Possible worlds blew through him, fanning and branching into a canopy of glimpses…

Nameless Schoolmen climbing a steep, gravely beach. A nipple pinched between fingers. A gasping climax. A severed head thrust against the burning sun. Apparitions marching out of morning mist.

A dead wife.

Kellhus exhaled, then breathed deep the bittersweet pinch of cedar, earth, and war.

There was revelation.

My Thoughts

Of course Xerius is acting like a petulant child when he has to go see the Shriah. After all, Isn’t Xerius a god? Of course Maithanet would disagree and it is a brutal reminder to Xerius just how weak his political power is compared to the church, especially since his gambit to indenture the Holy War has failed.
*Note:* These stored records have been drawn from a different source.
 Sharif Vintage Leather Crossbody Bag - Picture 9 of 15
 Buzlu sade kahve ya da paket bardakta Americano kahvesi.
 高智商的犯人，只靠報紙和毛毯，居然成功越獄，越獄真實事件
Skeaös may have been the closet thing Xerius had to a friend. Of course he’s hurt by his betrayal. It’s a touch of humanism for the emperor. Bakker has great skill riding the line between intelligence and foolish, competence and failure with Xerius. He’s always on the edge of one or the other, just not quite there.

Xerius’s ego is on full display on the ride from his palace, first assuming that the shouting throng is waving to him, cheering him, happy to see their emperor. He so badly misreads them, that he allows himself to be mocked. Then when he realizes they hate him, well, his

Xerius loses his discipline at Cmiral. His ego overrides his fear of sparking a riot as he orders his chariot to trample the fallen. I mean, he laughs maniacally as his soldiers switch to swords to kill their way through the mob. Too much cruelty, Xerius. Remember your mother’s lessons.
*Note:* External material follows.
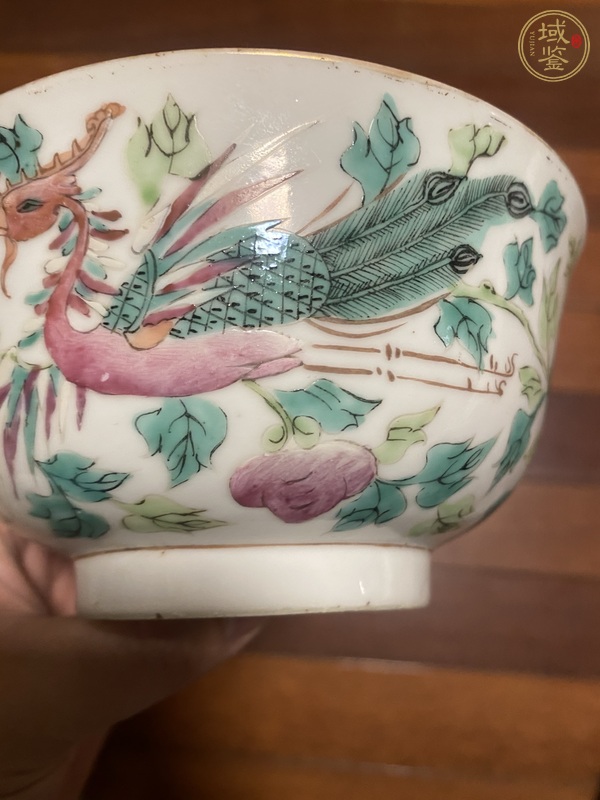 古玩陶瓷粉彩鳳穿牡丹圖茶碗真品鑒賞圖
Wow, Xerius’s ego is great. He has to have a wooden walkway for him to use so he can walk higher than “mere men.” And then he thinks butchering his people is discipline. But it is the exact opposite. He has lost control of both his people through his terrible rule and himself by reacting emotionally to them. Now he’s only going to make them hate him more to satiate his ego.

We see that Maithanet is young but doesn’t carry himself with youth. He’s experienced. It’s a very important detail that fits with what we learn about the man’s origins in the next book. Xerius finds himself awed by the man, reacting the way Maithanet wants him to. It’s skillful manipulation of Xerius. He’s off-balanced by the mob hating him and loving another, a direct attack on his ego.

See the lies Xerius tells himself after his realization of Maithanet’s threat to destroy him should the Holy War fail. Xerius can’t accept the truth that his plans have been unveiled. But it’s obvious to the reader, Maithanet knows. How? What do we know about him? He came from Fanim lands. He has blue eyes. He’s a manipulator. And he can see the Few. Very interesting character.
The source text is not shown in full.